■ TASK BRIEF ■
Exactly the lines from the one with "BACHMANN SMART 3x" to the end of the data below should be set down, and no others.

■ EXERCISE MATERIAL ■

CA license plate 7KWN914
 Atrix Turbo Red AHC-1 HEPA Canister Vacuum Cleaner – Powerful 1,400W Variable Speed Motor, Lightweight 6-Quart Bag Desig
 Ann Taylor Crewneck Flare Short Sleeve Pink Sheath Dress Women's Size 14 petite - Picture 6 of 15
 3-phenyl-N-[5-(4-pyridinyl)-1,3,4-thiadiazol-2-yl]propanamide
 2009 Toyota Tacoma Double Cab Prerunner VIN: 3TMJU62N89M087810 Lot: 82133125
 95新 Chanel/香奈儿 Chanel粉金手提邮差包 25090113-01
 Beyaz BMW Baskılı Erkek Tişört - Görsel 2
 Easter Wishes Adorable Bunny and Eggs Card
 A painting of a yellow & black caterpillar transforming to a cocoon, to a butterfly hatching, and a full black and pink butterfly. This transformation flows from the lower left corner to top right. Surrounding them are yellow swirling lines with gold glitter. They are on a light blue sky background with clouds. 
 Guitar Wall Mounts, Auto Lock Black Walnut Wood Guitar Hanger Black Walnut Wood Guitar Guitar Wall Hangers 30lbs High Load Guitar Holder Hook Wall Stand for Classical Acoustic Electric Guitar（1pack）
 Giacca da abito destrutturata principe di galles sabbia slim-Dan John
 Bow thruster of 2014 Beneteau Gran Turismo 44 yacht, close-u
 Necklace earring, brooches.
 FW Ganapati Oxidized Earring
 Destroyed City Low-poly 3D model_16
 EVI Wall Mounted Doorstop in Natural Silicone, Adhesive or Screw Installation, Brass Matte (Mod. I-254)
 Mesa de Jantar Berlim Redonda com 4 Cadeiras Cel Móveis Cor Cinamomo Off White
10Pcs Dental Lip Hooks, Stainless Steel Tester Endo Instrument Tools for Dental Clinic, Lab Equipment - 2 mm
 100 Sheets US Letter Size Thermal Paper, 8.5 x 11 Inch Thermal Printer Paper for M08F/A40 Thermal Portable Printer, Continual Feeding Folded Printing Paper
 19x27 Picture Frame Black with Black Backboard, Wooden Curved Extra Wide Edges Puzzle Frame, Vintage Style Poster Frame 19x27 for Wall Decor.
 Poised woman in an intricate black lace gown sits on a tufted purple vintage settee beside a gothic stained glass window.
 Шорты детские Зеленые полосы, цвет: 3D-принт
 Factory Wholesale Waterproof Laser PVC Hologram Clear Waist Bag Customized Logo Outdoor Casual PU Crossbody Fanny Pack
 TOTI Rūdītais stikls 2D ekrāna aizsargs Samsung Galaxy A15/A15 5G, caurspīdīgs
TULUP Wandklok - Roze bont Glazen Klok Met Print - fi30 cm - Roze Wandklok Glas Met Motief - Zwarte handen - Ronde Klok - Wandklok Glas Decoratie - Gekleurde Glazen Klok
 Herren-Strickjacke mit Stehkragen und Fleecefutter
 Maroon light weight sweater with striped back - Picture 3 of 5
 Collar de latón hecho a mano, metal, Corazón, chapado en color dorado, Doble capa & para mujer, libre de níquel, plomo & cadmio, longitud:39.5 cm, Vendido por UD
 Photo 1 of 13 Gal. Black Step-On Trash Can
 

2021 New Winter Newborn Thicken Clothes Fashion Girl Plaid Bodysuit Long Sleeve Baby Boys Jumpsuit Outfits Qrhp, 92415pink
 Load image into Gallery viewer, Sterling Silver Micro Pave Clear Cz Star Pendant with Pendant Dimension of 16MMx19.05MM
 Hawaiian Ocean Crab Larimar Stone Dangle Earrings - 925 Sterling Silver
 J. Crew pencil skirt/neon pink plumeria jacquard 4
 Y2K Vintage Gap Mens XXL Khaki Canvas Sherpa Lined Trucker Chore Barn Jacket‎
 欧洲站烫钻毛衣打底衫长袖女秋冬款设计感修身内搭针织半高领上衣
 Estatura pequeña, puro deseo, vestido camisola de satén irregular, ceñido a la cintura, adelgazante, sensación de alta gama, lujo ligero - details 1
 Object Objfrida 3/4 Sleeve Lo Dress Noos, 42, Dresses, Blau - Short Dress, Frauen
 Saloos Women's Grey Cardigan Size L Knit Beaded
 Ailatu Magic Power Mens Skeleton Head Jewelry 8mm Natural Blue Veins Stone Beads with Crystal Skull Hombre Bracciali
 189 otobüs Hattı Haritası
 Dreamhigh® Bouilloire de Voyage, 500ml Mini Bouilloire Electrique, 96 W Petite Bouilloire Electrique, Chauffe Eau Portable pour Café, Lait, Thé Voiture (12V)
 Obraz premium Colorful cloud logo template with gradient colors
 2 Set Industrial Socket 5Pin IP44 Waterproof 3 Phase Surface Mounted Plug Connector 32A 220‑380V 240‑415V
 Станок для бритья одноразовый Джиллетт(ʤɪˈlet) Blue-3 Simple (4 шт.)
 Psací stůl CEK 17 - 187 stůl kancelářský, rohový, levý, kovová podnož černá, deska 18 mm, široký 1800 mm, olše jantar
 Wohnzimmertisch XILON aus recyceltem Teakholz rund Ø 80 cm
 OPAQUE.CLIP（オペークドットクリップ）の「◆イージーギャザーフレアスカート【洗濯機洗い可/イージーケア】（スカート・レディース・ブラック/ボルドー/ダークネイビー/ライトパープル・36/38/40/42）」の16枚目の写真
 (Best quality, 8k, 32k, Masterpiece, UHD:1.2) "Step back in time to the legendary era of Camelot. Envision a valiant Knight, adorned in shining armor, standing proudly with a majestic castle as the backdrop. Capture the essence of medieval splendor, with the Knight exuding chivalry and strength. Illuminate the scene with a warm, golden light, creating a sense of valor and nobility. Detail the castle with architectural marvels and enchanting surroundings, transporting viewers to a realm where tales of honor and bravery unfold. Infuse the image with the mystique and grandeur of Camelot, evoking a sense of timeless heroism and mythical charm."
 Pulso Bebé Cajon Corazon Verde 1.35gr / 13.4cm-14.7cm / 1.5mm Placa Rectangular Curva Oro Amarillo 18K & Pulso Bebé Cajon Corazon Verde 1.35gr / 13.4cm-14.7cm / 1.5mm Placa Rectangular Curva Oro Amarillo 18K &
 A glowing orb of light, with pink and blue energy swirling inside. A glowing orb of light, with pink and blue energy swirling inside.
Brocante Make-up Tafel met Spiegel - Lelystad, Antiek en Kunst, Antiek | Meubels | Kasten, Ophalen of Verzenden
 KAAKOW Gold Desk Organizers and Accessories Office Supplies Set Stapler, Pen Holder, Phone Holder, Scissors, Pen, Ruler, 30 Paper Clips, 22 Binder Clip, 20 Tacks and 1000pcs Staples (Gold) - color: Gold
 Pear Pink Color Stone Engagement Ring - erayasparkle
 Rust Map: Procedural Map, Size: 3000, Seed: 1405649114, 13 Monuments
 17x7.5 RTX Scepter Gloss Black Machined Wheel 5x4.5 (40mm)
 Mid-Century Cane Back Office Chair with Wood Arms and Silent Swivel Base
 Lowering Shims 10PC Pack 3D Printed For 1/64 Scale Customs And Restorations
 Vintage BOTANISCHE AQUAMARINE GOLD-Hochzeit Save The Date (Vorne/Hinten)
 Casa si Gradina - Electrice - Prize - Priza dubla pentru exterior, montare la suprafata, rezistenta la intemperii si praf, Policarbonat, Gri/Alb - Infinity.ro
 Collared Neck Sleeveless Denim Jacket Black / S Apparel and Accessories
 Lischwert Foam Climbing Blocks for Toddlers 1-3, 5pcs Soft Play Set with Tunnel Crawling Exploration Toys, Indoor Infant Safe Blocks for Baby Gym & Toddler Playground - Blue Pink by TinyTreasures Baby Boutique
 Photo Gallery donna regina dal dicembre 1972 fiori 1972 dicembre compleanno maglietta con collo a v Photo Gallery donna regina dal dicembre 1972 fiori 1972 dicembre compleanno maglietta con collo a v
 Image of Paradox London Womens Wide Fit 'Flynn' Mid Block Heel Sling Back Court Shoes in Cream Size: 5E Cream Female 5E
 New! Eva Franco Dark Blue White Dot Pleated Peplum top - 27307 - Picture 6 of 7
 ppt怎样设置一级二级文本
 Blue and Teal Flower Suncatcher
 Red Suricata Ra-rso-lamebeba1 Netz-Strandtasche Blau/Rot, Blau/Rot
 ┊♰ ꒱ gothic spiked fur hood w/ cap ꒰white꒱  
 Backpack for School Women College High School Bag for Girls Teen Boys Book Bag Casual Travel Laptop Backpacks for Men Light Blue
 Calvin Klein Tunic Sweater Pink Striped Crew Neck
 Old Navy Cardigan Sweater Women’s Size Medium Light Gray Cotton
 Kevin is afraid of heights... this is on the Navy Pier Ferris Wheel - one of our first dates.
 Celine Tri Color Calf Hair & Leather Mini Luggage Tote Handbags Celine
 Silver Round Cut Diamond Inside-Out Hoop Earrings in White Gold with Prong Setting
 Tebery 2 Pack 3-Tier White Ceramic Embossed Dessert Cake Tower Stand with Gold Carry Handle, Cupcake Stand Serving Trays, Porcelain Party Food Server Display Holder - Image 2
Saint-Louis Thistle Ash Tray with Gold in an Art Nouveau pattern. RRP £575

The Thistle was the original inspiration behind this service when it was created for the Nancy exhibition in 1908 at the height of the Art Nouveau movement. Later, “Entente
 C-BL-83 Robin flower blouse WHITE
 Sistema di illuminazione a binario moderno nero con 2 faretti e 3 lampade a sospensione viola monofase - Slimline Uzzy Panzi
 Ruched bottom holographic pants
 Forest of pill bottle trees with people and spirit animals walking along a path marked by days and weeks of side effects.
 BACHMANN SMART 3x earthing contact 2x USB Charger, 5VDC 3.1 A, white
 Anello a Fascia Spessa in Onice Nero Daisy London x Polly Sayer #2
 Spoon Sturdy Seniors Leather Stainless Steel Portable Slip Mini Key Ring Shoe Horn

■ ANSWER BOX ■
 BACHMANN SMART 3x earthing contact 2x USB Charger, 5VDC 3.1 A, white
 Anello a Fascia Spessa in Onice Nero Daisy London x Polly Sayer #2
 Spoon Sturdy Seniors Leather Stainless Steel Portable Slip Mini Key Ring Shoe Horn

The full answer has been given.